Сельва умеет ждать - Вершинин Лев Рэмович - Страница 73
- Предыдущая
- 73/93
- Следующая
Но самое главное – умный Квакка недаром молчал и думал всю долгую дорогу в этот большой поселок. Теперь он знал не только, о чем говорить, но даже то, что говорить нужно тоненьким голоском, изредка всхлипывая.
– Я… Меня… Мы с мамой пришли к тетям в зеленой одежде, чтобы они вынули из меня злую рыбную косточку… – всхлипнув, начал он тонким голоском. – И старая тетя в шапке с перьями прогнала косточку, и я сразу захотел спать… – Это, кстати, была чистая правда, только случилось все не нынче, а прошлой весной и косточку из горла вынула бабушка. – А потом мама закричала, и я проснулся, – Квакка опять всхлипнул, – но она велела мне лечь и накрыла меня тяжелой циновкой… А потом тети тоже начали кричать, и мне было страшно…
Лягушонку показалось, что сейчас самое время заплакать.
И он заплакал.
Да, ему было очень страшно. Он долго лежал под циновкой, а потом все-таки вылез, но вокруг никого не было, только огонь, и мамы тоже не было, нигде, как он ни звал, от мамы осталось только ожерелье, приносящее удачу; оно лежало прямо на земле, и он поднял его и накинул его себе на шею, потому что это был кусочек мамы, а потом…

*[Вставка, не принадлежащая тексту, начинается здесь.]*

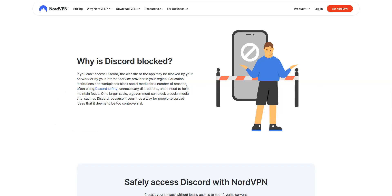As you probably know, Discord is banned in several countries, including Turkey, Russia, China, Iran, the UAE and Oman. Many schools and workplaces also block access to Discord to prevent distractions. This video will help you bypass the censorship and firewalls put in place by your school or workplace and access Discord.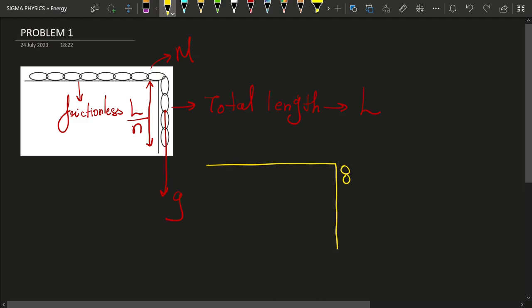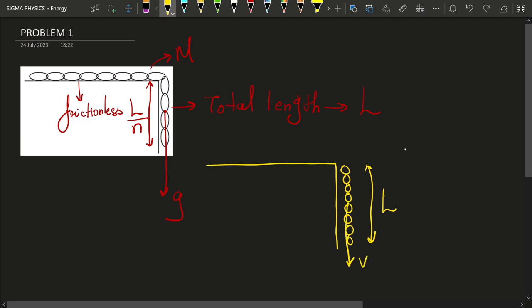Let me draw the situation. Once this chain has completely fallen off the table of length L, we need to find its velocity. To solve this problem, I am going to use conservation of mechanical energy. We need to know the mechanical energy initially and finally once it has completely fallen. Initially, since the chain was at rest, its kinetic energy is zero. There is a small fraction hanging from the table, so it will have some potential energy. To find the potential energy, we assume this corner to be the reference point with potential energy equal to zero.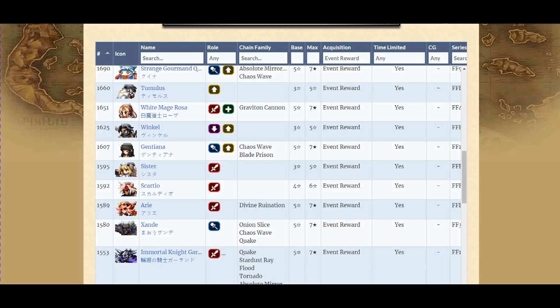Hey guys, welcome back to Final Fantasy Brave Exvius. Today, let's talk about the future of free-to-play players.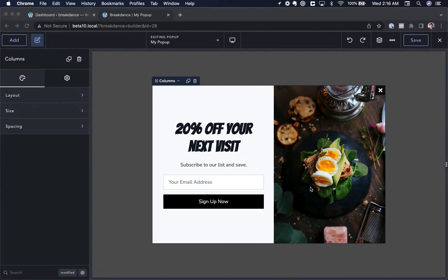Hey, this is Louis from Breakdance. In this video I want to give you a quick overview of the popup functionality in Breakdance. To do that, I'm going to teach you how to build a two-column popup — it's responsive and it has an email capture form inside it.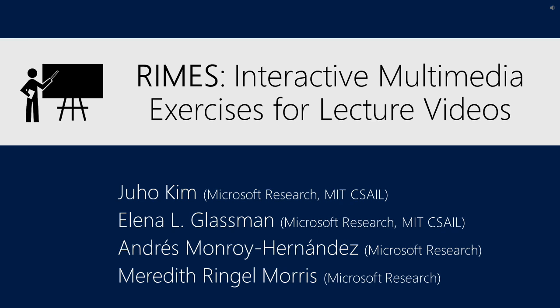We introduce Rhymes, a system for easily authoring, recording, and reviewing interactive multimedia exercises embedded in lecture videos.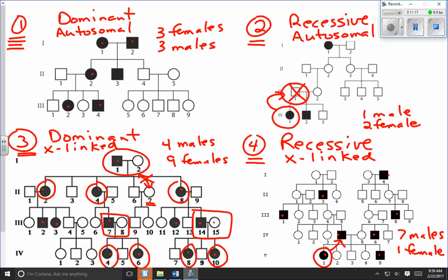To review: to determine if a trait is dominant or recessive, look for an individual with the trait whose parents don't have it — even one such example means it's recessive; if none found, it's probably dominant. To determine autosomal vs. X-linked: for a recessive trait, X-linked shows more males than females, and any affected female's father must also be affected. For a dominant trait, X-linked shows more females than males, and all daughters of an affected male with an unaffected female must have the trait. Thank you.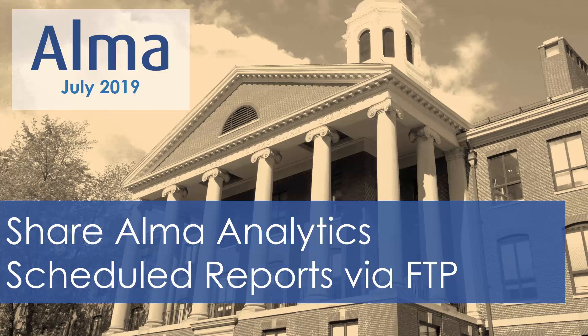Alma Analytics reports can now be automatically placed on an FTP server folder of your choice. This is an easy and efficient way to share reports between different departments of your institution.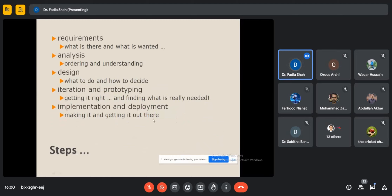To summarize: requirements define what is wanted; analysis is ordering and understanding; design is what to do and how to decide. For any product, the design has a long-lasting impact. All phases — requirements, analysis, implementation — are important, but design is especially critical. Implementation and deployment means making it and getting it out there. That is the final output of the process.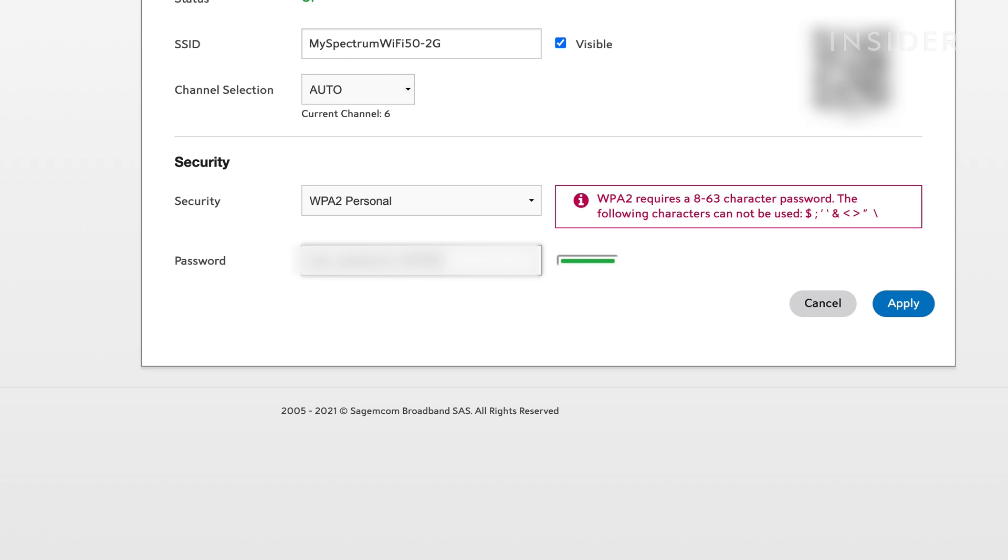The devices you've connected to that network may be disconnected. If this happens, you'll need to reconnect them with the new password.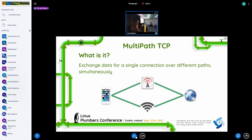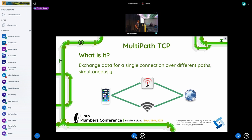MPTCP is short for Multipath TCP. This is an extension to TCP that breaks the assumption that a connection is linked to a fixed five-tuple. In one sentence, it allows exchanging data for a single connection over different paths simultaneously, so you can have more redundancy, more bandwidth, and many other things. A typical use case is a smartphone having access to two different networks, which is very common today.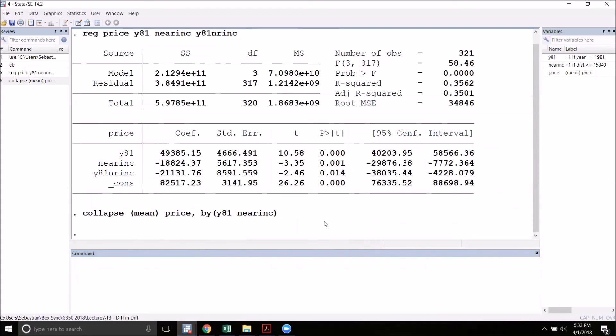And that is it. That is how you do difference in differences estimation in Stata. If you have any questions, please let me know.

– Дай посмотреть, сыночек, – попросила черноволосая. – Ах, как запачкано… Эй, сестрицы, помойте-ка, да побыстрее!
Дмитрий одобрительно хмыкнул.
Разумная баба!
Умнее всех урюков, вместе взятых, и его, нгуаби, в придачу. Правда, им было не до того. А родне малыша и впрямь можно будет с утра отстучать зов, если ожерелье не простое, а с отметками…
Вновь сгустившуюся тишину разорвал истошный женский вопль:
– Льяна! Льяна! Это Льяна!
Толпа всколыхнулась, пропуская кричащую.
– Люди! – Расширенные глаза ее отливали огнем. – Это ожерелье Льяны из Бвау! Мы росли вместе, пока Льяна не ушла в Лесные Сестры.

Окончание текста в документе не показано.